Technically Incorrect offers a slightly twisted take on the tech that’s taken over our lives.
I fear that cat research has been heading in a disturbing direction for some time.
Last year, a wise anthrozoologist declared that your feline thinks you’re just one big, stupid cat. Earlier this year, researchers in the UK said cats really don’t need their owners at all.
And now this.
Some have interpreted a study from the Bronx Zoo and the University of Edinburgh in Scotland as saying that your cat might be trying to bump you off. Yes, kill you, eat you, that sort of thing.
The study is entitled “Personality Structure in the Domestic Cat (Felis silvestris catus), Scottish Wildcat (Felis silvestris grampia), Clouded Leopard (Neofelis nebulosa), Snow Leopard (Panthera uncia), and African Lion (Panthera leo)” (PDF). Truly, I love these academic titles.
The researchers set out to discover whether there were any consistent similarities in personality between these disparate types of felines.
What they found was that each had three dominant personality types. The Scottish wildcat, for example, had at its core dominance, agreeableness and self-control. Which is not dissimilar to many of my Scottish friends.
As for domestic cats: Dominance, impulsiveness and neuroticism.

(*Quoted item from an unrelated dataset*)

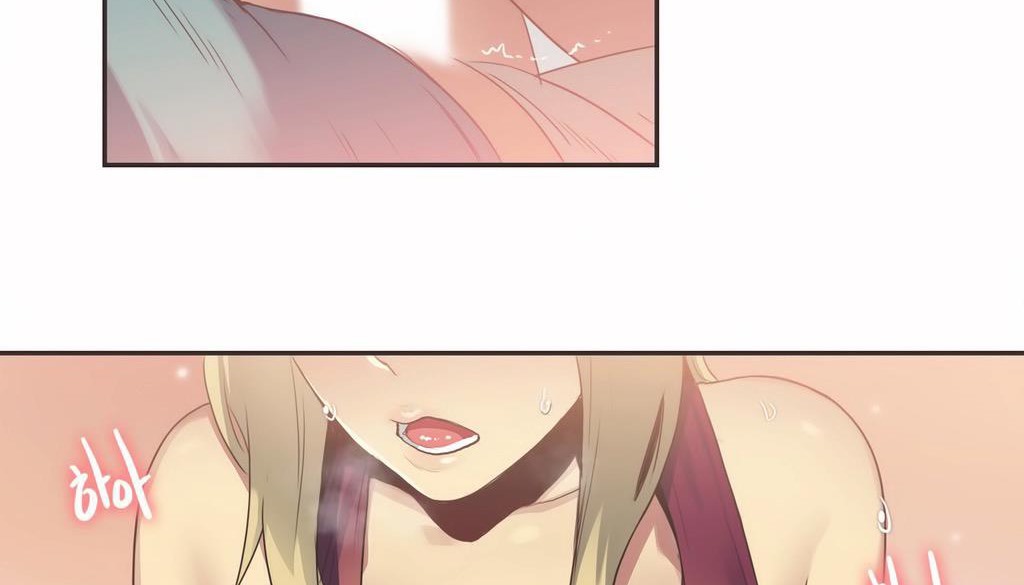 第22话-呼叫陪练员/运动员女孩-Gamang（第6张）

I can see how living with humans makes you neurotic. I have experienced this. However, what the researchers further discovered was that these three were the same personality traits prevalent in African lions. And we all know that these lions, especially when they feel threatened, tend not to disappear into their manes.

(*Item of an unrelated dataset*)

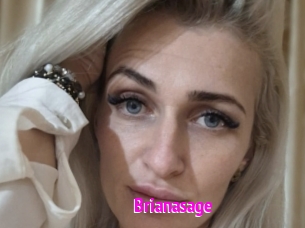 Brianasage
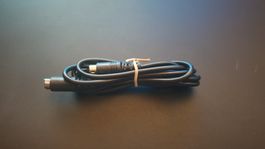 S-Video Kabel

The researchers studied the animals’ behaviors along a popular test of the “Big Five” human personality aspects: Openness to Experience, Conscientiousness, Extraversion/Introversion, Agreeableness and Neuroticism.
When it comes to domestic cats, the research report said of their neuroticism that it had ” the highest loadings on anxious, insecure, and tense, suspicious, and fearful of people.”

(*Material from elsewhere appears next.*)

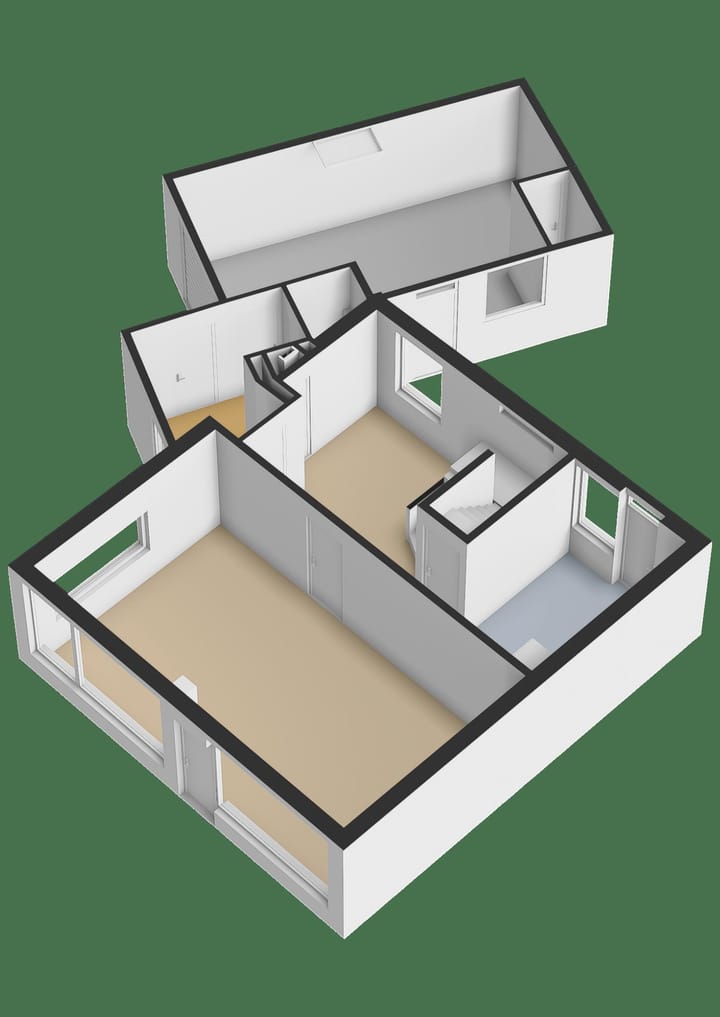 Photo 43 of Oranjelaan 81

What are we doing to these animals? Or have they always been this way? The mere thought that cats are fearful of us and might, therefore, want to take us out — and not for a nice meal at a restaurant — is chilling. But still less chilling, perhaps, than knowing and seeing what humans do to each other.
Marieke Gartner, one of the researchers involved in the study, told me that it was “a pretty far stretch” to suggest that your cat actually wants to kill you.
She said: “Cats have different personalities, and they ended up living with us because it was a mutually beneficial situation. Some cats are more independent, some are quite loving. It just depends on the individual. It’s not that cats are self centered. It’s that they are a more solitary or semisolitary species.”
Yes, but are they secretly harboring ill-feeling toward us? Gartner explained: “Cats don’t want to bump you off, but people often don’t know how to treat them and then are surprised by their behavior.”
A hundred cats from Scottish shelters were examined. The researchers observed the wilder animals in various zoos and wildlife parks across the UK and the US.
Even though the scientists concede that their work is by its very nature imperfect and more research is required, they concluded: “Across the five felid species we assessed, personality structure was strikingly similar.”
Yes, you’ve got a little lioness in your house. She’s not your friend.
Please remember, therefore, the three main personality traits of your cat: Dominance, Impulsiveness and Neuroticism. And tread very carefully.